• **Task**:
Your job is to set down the stretch of entries that opens with the line containing "Rivacase 7567 maletines" and closes with the line containing "070 - Pro Acryl: Plum". Keep both end lines, copy each exactly, and add nothing.
=== Begin Enclosure ===
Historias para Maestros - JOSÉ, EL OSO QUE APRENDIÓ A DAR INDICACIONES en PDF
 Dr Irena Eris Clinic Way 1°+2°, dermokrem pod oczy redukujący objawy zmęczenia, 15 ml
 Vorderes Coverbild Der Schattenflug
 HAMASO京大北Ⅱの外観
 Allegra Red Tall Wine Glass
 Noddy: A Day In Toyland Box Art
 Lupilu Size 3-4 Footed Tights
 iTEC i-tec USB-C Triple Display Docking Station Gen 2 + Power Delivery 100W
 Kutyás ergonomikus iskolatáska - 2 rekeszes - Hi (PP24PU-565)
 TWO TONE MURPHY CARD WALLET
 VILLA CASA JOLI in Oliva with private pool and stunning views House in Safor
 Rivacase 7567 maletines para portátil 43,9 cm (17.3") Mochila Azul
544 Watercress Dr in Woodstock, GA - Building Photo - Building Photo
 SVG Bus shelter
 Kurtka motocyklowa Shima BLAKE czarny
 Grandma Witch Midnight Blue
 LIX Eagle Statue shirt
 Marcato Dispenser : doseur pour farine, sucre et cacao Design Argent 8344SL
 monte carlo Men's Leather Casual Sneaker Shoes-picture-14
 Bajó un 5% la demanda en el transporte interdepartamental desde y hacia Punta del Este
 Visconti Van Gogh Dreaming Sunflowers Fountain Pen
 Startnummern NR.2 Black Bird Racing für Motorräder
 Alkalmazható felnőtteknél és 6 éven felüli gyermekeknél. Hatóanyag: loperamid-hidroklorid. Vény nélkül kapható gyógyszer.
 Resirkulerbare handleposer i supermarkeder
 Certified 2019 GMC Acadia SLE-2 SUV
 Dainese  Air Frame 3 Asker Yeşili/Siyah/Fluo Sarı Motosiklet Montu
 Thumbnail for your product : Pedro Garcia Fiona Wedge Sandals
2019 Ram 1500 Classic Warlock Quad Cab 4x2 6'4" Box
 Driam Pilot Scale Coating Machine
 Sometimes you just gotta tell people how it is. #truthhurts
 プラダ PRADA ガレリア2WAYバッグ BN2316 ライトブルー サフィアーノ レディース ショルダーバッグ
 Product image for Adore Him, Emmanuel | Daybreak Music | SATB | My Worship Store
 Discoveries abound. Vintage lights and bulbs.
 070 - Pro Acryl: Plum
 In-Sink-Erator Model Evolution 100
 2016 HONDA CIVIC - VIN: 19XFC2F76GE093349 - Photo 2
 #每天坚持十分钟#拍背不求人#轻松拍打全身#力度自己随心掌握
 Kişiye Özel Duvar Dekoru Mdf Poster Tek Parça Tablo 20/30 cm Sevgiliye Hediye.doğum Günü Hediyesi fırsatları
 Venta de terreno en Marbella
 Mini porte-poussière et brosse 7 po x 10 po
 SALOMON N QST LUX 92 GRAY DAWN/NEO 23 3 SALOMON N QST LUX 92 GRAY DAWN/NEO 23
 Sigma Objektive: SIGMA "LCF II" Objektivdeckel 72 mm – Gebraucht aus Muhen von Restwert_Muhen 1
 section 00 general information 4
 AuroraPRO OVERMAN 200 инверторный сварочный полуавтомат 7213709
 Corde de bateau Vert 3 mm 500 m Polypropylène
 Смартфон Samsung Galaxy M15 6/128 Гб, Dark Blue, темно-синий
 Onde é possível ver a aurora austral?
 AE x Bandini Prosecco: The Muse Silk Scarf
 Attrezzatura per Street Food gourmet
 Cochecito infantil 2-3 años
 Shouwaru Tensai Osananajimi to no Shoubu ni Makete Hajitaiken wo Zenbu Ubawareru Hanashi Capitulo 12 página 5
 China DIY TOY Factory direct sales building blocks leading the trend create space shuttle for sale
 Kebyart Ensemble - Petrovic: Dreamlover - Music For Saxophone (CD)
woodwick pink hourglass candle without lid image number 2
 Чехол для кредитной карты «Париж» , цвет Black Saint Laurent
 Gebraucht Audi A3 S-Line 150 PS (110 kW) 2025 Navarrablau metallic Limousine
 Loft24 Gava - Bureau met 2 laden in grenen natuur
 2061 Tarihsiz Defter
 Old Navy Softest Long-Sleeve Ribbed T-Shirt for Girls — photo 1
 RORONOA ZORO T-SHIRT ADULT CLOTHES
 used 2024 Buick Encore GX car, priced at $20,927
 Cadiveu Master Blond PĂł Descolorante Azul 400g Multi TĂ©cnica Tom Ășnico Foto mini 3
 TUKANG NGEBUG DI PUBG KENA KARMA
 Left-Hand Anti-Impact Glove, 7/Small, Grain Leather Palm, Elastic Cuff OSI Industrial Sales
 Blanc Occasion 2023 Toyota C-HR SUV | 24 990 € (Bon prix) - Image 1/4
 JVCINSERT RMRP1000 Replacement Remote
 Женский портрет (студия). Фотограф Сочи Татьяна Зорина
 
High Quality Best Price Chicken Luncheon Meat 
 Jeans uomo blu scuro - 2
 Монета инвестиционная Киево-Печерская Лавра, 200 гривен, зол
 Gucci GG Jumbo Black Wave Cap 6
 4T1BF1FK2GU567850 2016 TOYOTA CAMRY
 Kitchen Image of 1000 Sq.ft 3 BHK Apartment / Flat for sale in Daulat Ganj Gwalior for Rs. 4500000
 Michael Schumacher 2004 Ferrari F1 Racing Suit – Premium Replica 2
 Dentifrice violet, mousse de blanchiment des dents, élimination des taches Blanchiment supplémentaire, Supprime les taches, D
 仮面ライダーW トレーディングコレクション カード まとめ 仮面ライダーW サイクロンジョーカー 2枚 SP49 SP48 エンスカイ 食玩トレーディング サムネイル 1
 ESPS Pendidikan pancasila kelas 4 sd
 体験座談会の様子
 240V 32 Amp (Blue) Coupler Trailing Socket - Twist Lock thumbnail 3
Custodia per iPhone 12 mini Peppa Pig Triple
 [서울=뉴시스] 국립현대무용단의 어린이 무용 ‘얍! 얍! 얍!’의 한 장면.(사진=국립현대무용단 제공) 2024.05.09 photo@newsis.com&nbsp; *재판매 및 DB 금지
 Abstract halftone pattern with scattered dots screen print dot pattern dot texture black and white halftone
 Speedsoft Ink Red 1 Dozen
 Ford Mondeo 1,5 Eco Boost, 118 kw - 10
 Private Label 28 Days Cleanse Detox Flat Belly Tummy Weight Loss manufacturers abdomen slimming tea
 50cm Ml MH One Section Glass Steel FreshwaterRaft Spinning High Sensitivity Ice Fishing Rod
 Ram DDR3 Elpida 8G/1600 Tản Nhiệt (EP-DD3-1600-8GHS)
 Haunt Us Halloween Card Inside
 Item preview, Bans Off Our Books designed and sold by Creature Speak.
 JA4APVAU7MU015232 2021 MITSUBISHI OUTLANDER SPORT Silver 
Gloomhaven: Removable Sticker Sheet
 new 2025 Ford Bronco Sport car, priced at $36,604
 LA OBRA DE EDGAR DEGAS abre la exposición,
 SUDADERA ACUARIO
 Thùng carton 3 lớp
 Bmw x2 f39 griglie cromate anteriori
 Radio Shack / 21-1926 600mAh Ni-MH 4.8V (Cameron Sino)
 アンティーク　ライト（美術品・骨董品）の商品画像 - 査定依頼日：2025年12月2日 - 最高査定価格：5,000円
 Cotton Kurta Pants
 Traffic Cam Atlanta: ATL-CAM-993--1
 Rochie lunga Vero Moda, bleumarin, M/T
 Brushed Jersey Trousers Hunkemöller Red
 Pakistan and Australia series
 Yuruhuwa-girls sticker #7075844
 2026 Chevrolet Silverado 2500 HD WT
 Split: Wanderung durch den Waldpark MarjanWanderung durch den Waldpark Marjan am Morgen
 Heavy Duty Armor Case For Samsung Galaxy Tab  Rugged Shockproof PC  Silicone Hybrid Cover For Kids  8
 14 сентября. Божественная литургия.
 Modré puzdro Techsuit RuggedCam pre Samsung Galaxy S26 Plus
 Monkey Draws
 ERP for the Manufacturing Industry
=== End Enclosure ===
• **Solution to this problem**:
 Rivacase 7567 maletines para portátil 43,9 cm (17.3") Mochila Azul
544 Watercress Dr in Woodstock, GA - Building Photo - Building Photo
 SVG Bus shelter
 Kurtka motocyklowa Shima BLAKE czarny
 Grandma Witch Midnight Blue
 LIX Eagle Statue shirt
 Marcato Dispenser : doseur pour farine, sucre et cacao Design Argent 8344SL
 monte carlo Men's Leather Casual Sneaker Shoes-picture-14
 Bajó un 5% la demanda en el transporte interdepartamental desde y hacia Punta del Este
 Visconti Van Gogh Dreaming Sunflowers Fountain Pen
 Startnummern NR.2 Black Bird Racing für Motorräder
 Alkalmazható felnőtteknél és 6 éven felüli gyermekeknél. Hatóanyag: loperamid-hidroklorid. Vény nélkül kapható gyógyszer.
 Resirkulerbare handleposer i supermarkeder
 Certified 2019 GMC Acadia SLE-2 SUV
 Dainese  Air Frame 3 Asker Yeşili/Siyah/Fluo Sarı Motosiklet Montu
 Thumbnail for your product : Pedro Garcia Fiona Wedge Sandals
2019 Ram 1500 Classic Warlock Quad Cab 4x2 6'4" Box
 Driam Pilot Scale Coating Machine
 Sometimes you just gotta tell people how it is. #truthhurts
 プラダ PRADA ガレリア2WAYバッグ BN2316 ライトブルー サフィアーノ レディース ショルダーバッグ
 Product image for Adore Him, Emmanuel | Daybreak Music | SATB | My Worship Store
 Discoveries abound. Vintage lights and bulbs.
 070 - Pro Acryl: Plum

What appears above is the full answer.